The former president of the Pontifical Committee for Historical Sciences said on the one hand it was “no surprise” that among the “reforms” discussed were those such as the abolition of priestly celibacy and the admission of remarried divorcees to Holy Communion. These, he said, have been “lurking underground since the Würzburg Synod of 1971-1975” — a meeting aimed at implementing reforms of the Second Vatican Council but which the Holy See never approved.

But Cardinal Brandmüller, 93, noted that what is new is that “practiced homosexuality is recognized as morally permissible,” and that there is “no real difference between bishops, priests, deacons, and that ‘only’ the baptized and confirmed should be recognized” — a belief, he said, that “corresponds completely to the teachings of Martin Luther.”

This was contrary to the teaching of the Second Vatican Council, the cardinal argued, which taught that the “hierarchical priesthood of the consecrated” differs from the “universal priesthood of the baptized, not merely in degree but in essence.” Thus, he continued, “the Frankfurt assembly overrules 2,000 years of practice and a general council!”

Regarding the ordination of women, Cardinal Brandmüller said this has “never been considered possible in 2,000 years because, as John Paul II has stated with infallible judgment, the Church has no authority” to ordain women.

Such “spectacular demands,” he observed, “have aroused as much lively enthusiasm in the circles of functionary Catholicism as they have horror among ordinary Catholics.”

Cardinal Brandmüller, whom Benedict XVI elevated to cardinal in 2010 on account of his service to the Church as an eminent historian, then went on to explain what he saw as the “roots of the crisis that came to light in Frankfurt.”

He said it was important to look back to the end of the 19th century when the question “what actually is religion?” was posed and the phenomenon of “modernism” emerged. Coined by Pope St. Pius X, the cardinal said modernism “was a heterogenous group of ideas and approaches that were — and still are — incompatible with the Catholic faith in various ways.”

These were attempts by thinkers to help “illuminate the meaning of human existence, to cope with the experience of man’s finiteness.” But there was another “constitutive element,” he added, “that of evolution.” Cardinal Brandmüller explained that people and society became seen as subjects of evolution — an ever-evolving “religious consciousness” so that faith and the practice of the faith are to be formulated “on their momentary stages of development” and revolve around the ego in a “solitary monologue.”

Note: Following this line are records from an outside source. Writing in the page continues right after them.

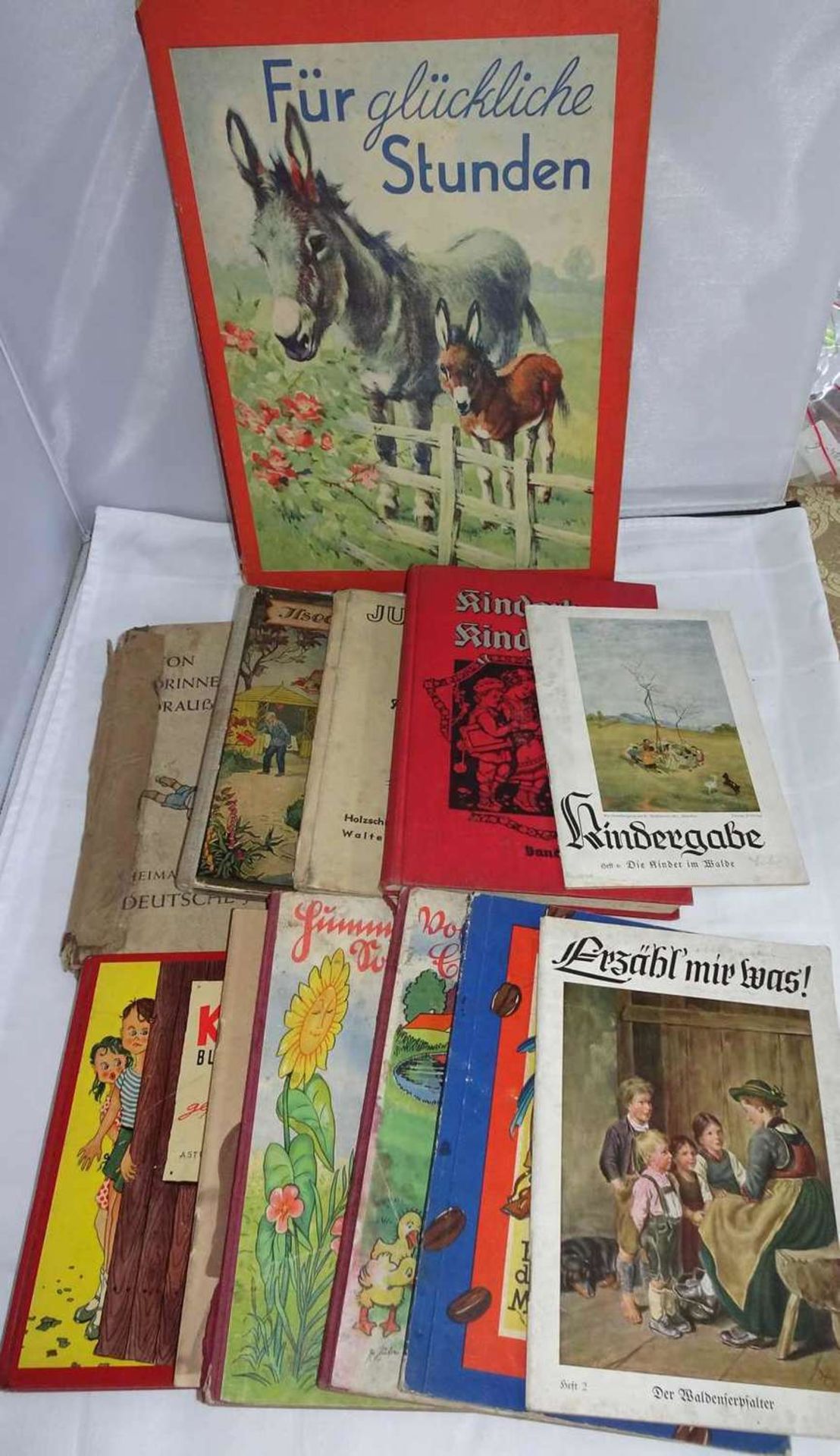 Lot alte Kinderbücher, dabei "Wie Fritz Stramm und der schwarze Jim die Menschheit beglücken",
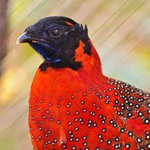 ����� ���� ������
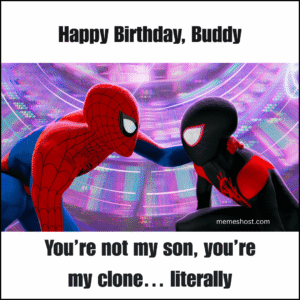 spiderman looking at another spiderman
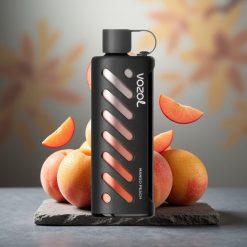VOZOL Gear Shisha 25000 Puffs Dual Mesh Mango Peach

The evolutionary approach, the cardinal said, also derived from the 19th-century German philosopher Georg Wilhelm Friedrich Hegel and his “three-step process of thesis, antithesis and synthesis.” It means that what today “could be true, yesterday was false, and vice versa, in order to be questioned again in the next step — and so on,” he said.

Cardinal Brandmüller said theologians should have urgently dealt with these movements in a serious and dispassionate way, as Pope St. Pius X did with his 1907 encyclicals Pascendi Dominici Gregis and Lamentabili Sane.  “But this is precisely what didn’t happen,” he said, adding that world events, including the World Wars and their aftermath, led theology to become less geared to the “fundamental” and more to “contemporary movements.”  Thus, he said, there was never a “thorough and comprehensive examination of the complex phenomenon of modernism” and the “problem continued to smolder underground.”

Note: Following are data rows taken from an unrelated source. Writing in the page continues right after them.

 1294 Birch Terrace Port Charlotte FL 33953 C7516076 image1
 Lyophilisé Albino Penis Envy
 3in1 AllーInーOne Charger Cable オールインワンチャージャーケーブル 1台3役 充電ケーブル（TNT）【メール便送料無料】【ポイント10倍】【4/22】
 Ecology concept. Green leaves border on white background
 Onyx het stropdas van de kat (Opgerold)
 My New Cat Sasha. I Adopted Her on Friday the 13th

He said the crisis “finally erupted, in the run-up to Vatican II” when the theological school of thought, Nouvelle Théologie, that aimed among other things at steering Catholic theology away from criticism of modernism, took hold. He said Pope Pius XII responded to this in his 1950 encyclical Humani Generis but “soon after, the now-graying generation of [cultural revolution of] 1968, which again set the tone in Frankfurt, attempted to change the course of events.” 

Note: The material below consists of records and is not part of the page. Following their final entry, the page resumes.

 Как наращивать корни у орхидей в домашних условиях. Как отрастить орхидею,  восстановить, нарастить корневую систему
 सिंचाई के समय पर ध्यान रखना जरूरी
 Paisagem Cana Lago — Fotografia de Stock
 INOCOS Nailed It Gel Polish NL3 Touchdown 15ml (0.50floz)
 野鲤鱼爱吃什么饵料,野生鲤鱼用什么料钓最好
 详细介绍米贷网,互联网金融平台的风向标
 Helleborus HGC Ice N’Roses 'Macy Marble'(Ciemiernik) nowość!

This has led, he said, to the German Church becoming a non-governmental organization with humanitarian and cultural goals, a “stately artifact, limited to the here-and-now, circling around itself, superfluous.”

But man, he said, has an “infinite spirit” and religion is the way that he responds to his existence, “recognizes his Creator and meets him.” Cardinal Brandmüller wondered if the “synodalists” are unaware of this and asked if they realize they are “on a wrong track that is lost in nothingness.”

“In the end, the result of the ‘Synodal Way’ enterprise is fatal,” he predicted, and observed how the Frankfurt texts go beyond heresy in that they fail to mention “God the Father, the Son and the Holy Spirit.” The cardinal termed this “Atheism in Christianity” — the title of a 1968 book by the Marxist writer, Ernst Bloch, also a citizen of Frankfurt.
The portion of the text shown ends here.